Synopsis: Kev (Hugo Weaving) is a petty crook on the run from something when we meet him on the road, driving with his ten-year-old son Chook (Tom Russell). They visit Kev’s old girlfriend, steal several cars, and end up in a South Australian National Park near the Flinders Ranges. Through a series of memories and flashbacks, we gradually discover what has happened, as well as being witness to a strong but painful relationship between father and son.

Based on an award-winning novel by Denise Young, Last Ride is the capturing of an experience, achieved by actually taking the cast and crew on a 5000km journey into the country travelled by Kev and Chook. What this means for audiences is a strong sense of immediacy with the spectacular landscape integral to the story.

The character of Kev will be a hard one for audiences to empathize with at first. He is the scoundrel son of a hardline father and although he obviously loves Chook deeply, he is prone to violent outbursts and sometimes treats the child harshly. His petty crimes see him shoplifting, stealing food from holiday-makers’ caravans, and co-opting one car after another with no evident concern for their owners,. It is to Weaving’s credit that he enables us eventually to feel deeply for Kev. Weaving is now a veteran of a wide variety of films and while I’ve always thought him excellent, here he positively excels himself with a career-defining performance, embodying anger, pain, despair and love, all in the one very rough package.

Young newcomer Russell does an outstanding job as Chook whose story this effectively is and there is a small but significant performance by a well-known face from Australian TV, John Brumpton, who plays Max, a friend to Kev and Chook and whom we get to know in flashbacks as the film progresses.

The major thrust of Last Ride is an exploration of the bond between father and son. Despite Chook’s growing awareness that his father is leading them deeper and deeper into trouble and the fact that Kev does some reprehensible things to the boy there is the sense of an abiding bond between them.

Other themes are briefly touched upon. Early on, the pair wind up in a South Australian Afghan heritage museum and Kev reveals that he and Chook have a motley lineage, probably mixed Aboriginal and Afghan. When the pair end up in Arkaroo National Park, the local indigenous park rangers bring in another allusion to the "ownership" of the land and the white man's historically alienated relationship to it.

The landscape itself is used to stunning effect in this film.

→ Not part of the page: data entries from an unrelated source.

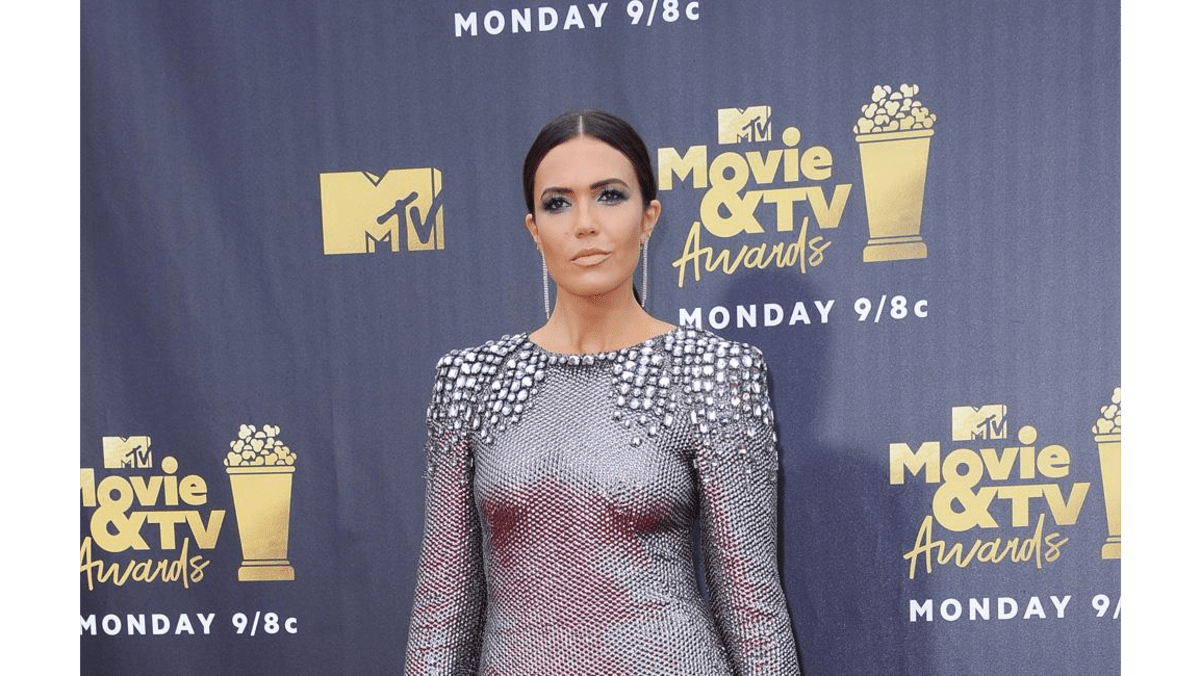 Mandy Moore confirms musical return 8days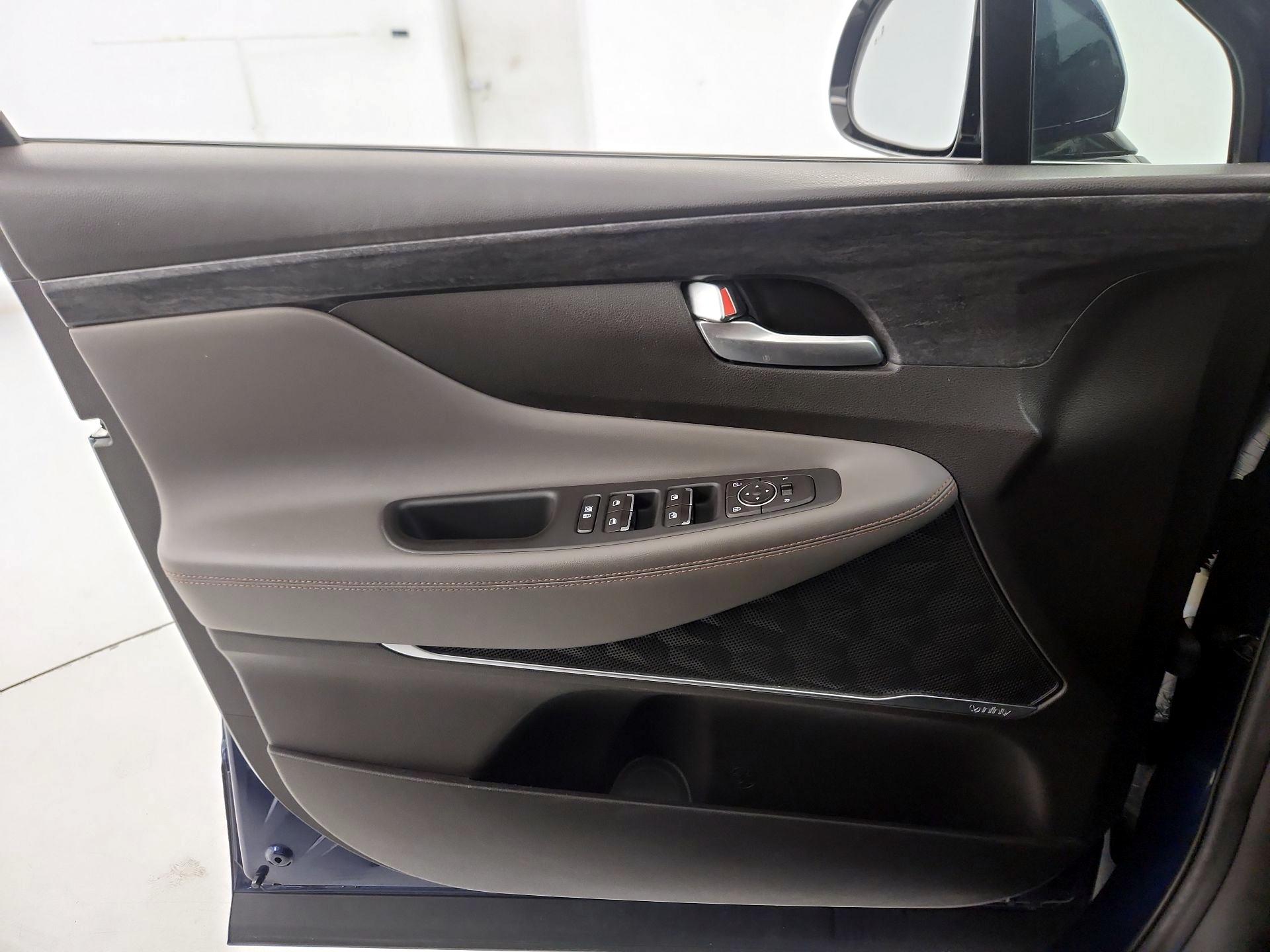 Thumbnail: 2020 Hyundai Santa Fe - 13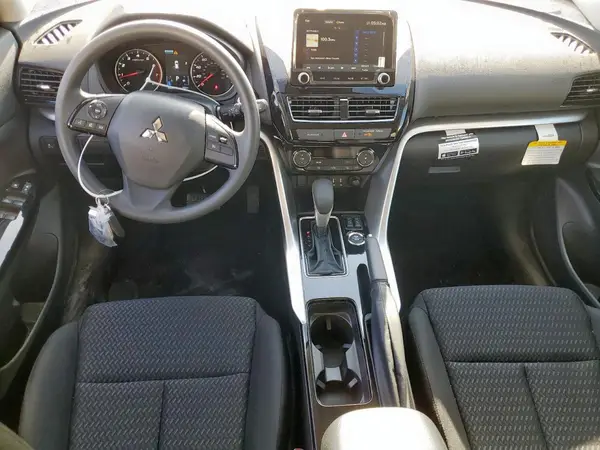 JA4ATVAA1SZ004647 2025 MITSUBISHI ECLIPSE CROSS - Image 8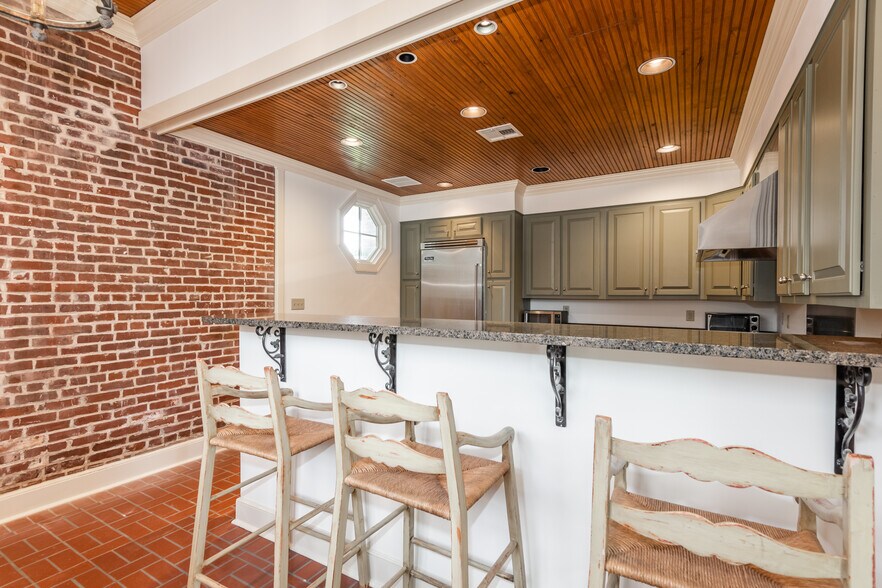 More Photos Of 987 Harris St, Tunica Office For Sale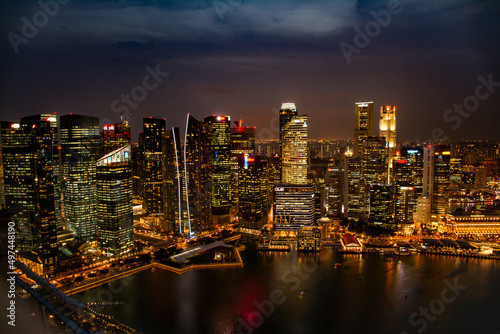 Singapur_By_Night_View_from_Marina_6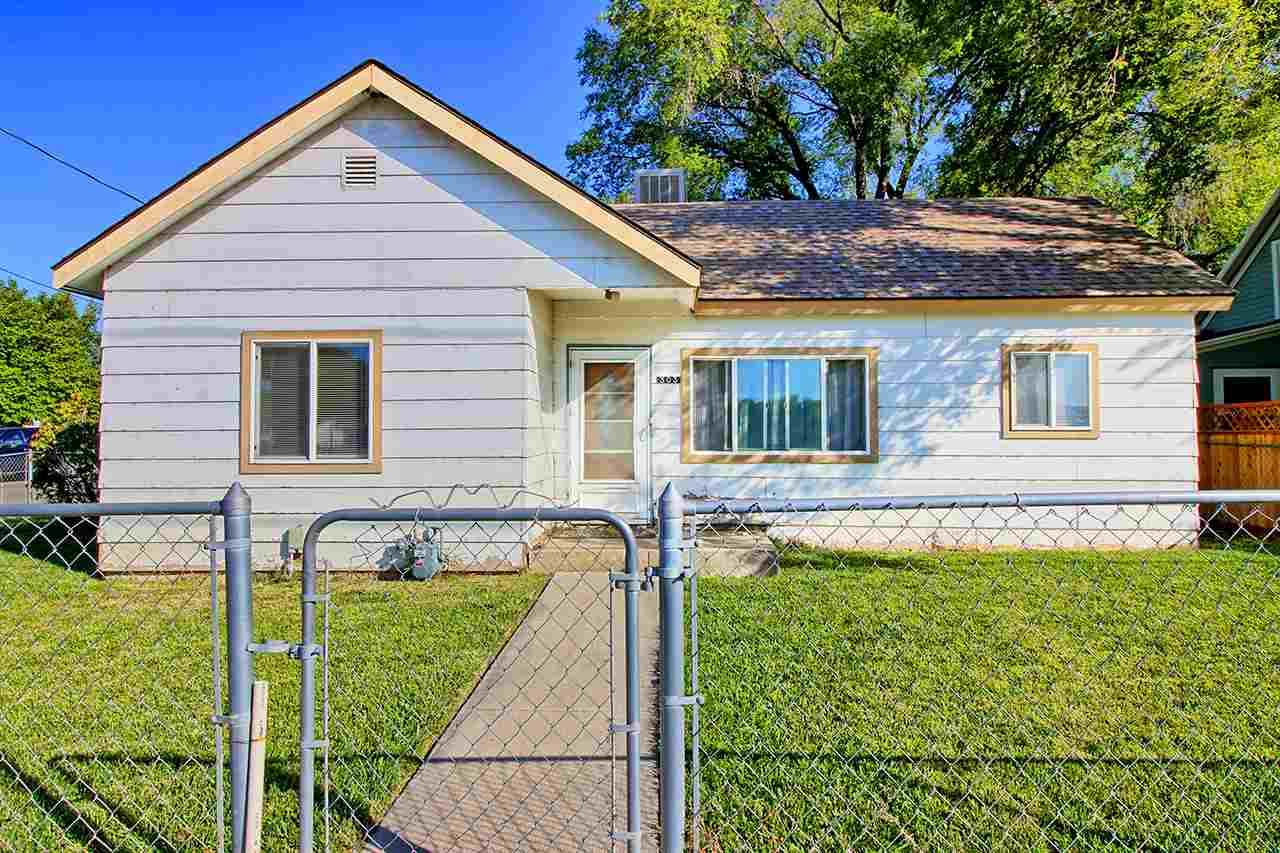 303 Ottley Avenue - Photo 1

Greig Fraser’s cinematography is dazzling.  In one scene especially, Kev and Chook drive across what seems to be a shallow lake or salt pan – it stretches for miles and this image with its translucent light is simply stunning. In many scenes the magnificent Australian sunrise is captured, making us feel repeatedly that this could be the dawn of a better day, but each day just brings fresh disappointment and bad experiences for the troubled travellers.

A debut feature film for director Glendyn Ivin, Last Ride tells a story of damaged people, which on one level connects it to darker Australian films like The Chant Of Jimmie Blacksmith (1978) but there is also a feeling of hope at its end that the cycle of abuse can be transcended, even if at a great cost. Last Ride is one of the finest Australian films of this, or any, year.